Nearly five months after McNeal was decided by the Eleventh Circuit, a challenge has arisen within the Eastern District of New York, which has historically been fertile ground for bankruptcy law. In Wachovia Mortgage v. Smoot, the court rejected a debtor’s attempt to strip off a wholly unsecured junior mortgage in a Chapter 7 proceeding, and in doing so reinforced the majority of courts from which McNeal departed.
For lenders and creditors not familiar with the Eastern District of New York, the result in Smoot is especially significant, as the same court in 2009 had allowed a Chapter 7 debtor to avoid its wholly unsecured claim. This unpublished decision in In re Lavelle had been one of the only other opinions in the nation to allow lien stripping in Chapter 7 proceedings before McNeal.
Smoot’s analysis is directly in line with the pre-McNeal decision within the Eleventh Circuit, exemplified by Judge Jennemann’s opinion in In re Hoffman, which held that Congress did not intend to provide Chapter 7 debtors the right to avoid an allowed secured claim, even if that claim were not secured by any value in the collateral.
Perhaps as important as the rejection of McNeal’s lien-stripping allowance was the strong distinction that Smoot made between lien modifications in Chapter 7 and 13 cases. As discussed in the “Chapter 20” post below, the Eleventh Circuit has allowed Chapter 13 debtors to strip off wholly unsecured junior mortgages since the 2000 decision of In re Tanner. The Second Circuit followed suit in 2001, in the case of In re Pond. Because debtors have been successful stripping off in Chapter 13 cases, many have attempted to adopt Tanner, Pond and their progney to support Chapter 7 stripping.
The court in Smoot correctly held that this argument overlooked the “unique statutory predicate of Chapter 13” – specifically, that Pond & Tanner rely upon § 1322(b)(2) to strip off the wholly unsecured junior mortgage. This is important because there is no analogue to the anti-modification language in § 1322(b)(2) under Chapter 7. Thus, a debtor cannot rely upon a permissive lien strip in a Chapter 13 to support a strip in a Chapter 7, as the debtor had in Lavelle.

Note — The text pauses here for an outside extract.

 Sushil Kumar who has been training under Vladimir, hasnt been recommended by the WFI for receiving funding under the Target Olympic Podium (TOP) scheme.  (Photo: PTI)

Although McNeal did not directly rely upon Lavelle or Chapter 13 case law, Smoot serves to further isolate McNeal’s position in the consumer creditor landscape. Further, Smoot provides clear and succinct guidance to subsequent courts who are faced with a Chapter 7 debtor attempting to invoke Chapter 13 jurisprudence to strip a lien.
Ultimately, Smoot is good news for lenders and other creditors, even outside the Eastern District of New York, as it illustrates once more the majority position that even wholly unsecured junior liens should survive the Chapter 7 liquidation.